Ингигерда гладила собаку по голове, по мягким лохматым ушам, ласково разговаривала с ней:
– Ты молодец, ты верная, Рюд, – улыбнулась сама себе; старой Бюрн рядом не было, и Ингигерда разговаривала с собакой, не обращая внимания на больного. – Рюд, Рюд, собачка…
За эти дни Ингигерда настолько привыкла к присутствию раненого чужака, как к чему-то безликому, как к вещи, что уже почти не замечала его.
– Красивая… Рюд…
– Её не так зовут…
Рука Ингигерды замерла в воздухе, не коснувшись головы собаки, да и овчарка сама вскинулась на тихий голос хозяина, навострила уши, не сводя карих глаз с его лица.
Ингигерда медленно повернула голову и встретилась взглядом с глазами чужака. Нахмурилась, чувствуя некоторую злость, словно с ней вдруг заговорил предмет мебели, сундук, например, или скамья. Но незнакомец смотрел прямо, огромные серые глаза его на похудевшем с болезненно впалыми щеками лице смотрели неподвижно, как будто он был незрячим, но губы негромко шепнули:
– Её зовут Скальди…
Скальди? Ингигерда поджала губы. Что за шутка? Как одну из норн, ту, что обрезает нить жизни. Разве можно так? Хотя…

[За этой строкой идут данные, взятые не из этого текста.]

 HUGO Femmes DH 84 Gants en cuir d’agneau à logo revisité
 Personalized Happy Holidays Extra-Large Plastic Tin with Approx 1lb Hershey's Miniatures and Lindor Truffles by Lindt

Она резко поднялась на ноги. Глаза незнакомца переместились чуть ниже, на девичьи колени, где к подолу платья пристали сухие соломины.
– Может, ты ещё скажешь, как и тебя зовут? – спросила резко, зная, что чужак всё равно не ответит.
Но он выдохнул с хрипом:
– Арн… Арн… – примолк вдруг, болезненно прикусив губу или вспомнив что-то. Он силился назвать имя полностью, но так и не договорил, отвернулся, закрывая глаза, только губы ещё раз шепнули неслышно, но Ингигерда сумела прочесть по губам: – Арн…
– Кто твой отец? Откуда ты? Есть ли у тебя родственники? Как твоё полное имя? – Ингигерда засыпала его вопросами, но ни на один не получила ответа. Нахмурилась недовольно. Возможно, он не слышал её, ведь он всё ещё был болен. Да и была ли ясной его голова? Вот это вопрос.
Губы Ингигерды шепнули слова заклинательной руны от колдовства и бед, а то передаст ещё этот странный человек ей свою болезнь или помутнение рассудка.
Фу! Фу! Фу! Тролли его забери!
Ингигерда поспешно вышла из конюшни, произошедшее разозлило её, и до вечера настроение было плохим, пока она не сорвалась на Висмунда из-за какой-то ерунды.
* * *
Пару дней она не показывалась у него, но потом припасла вяленую салаку и принесла её овчарке. Пока собака ела, Ингигерда смотрела на неё, склонив голову на бок, и приговаривала ласковым шёпотом:
– Скальди… Скальди…
Старая Бюрн в это время мокрой тряпкой протирала руки и лицо больного чужака.
У него началась лихорадка, и в последние дни держался жар. Бюрн пыталась сгонять его, остужая холодной водой. Мать Ингигерды тоже так делала, когда Висмунд болел простудой, и у него был жар. Все матери одинаковые. Хотя Бюрн совсем не мать ему, и он, наверное, даже не замечает её.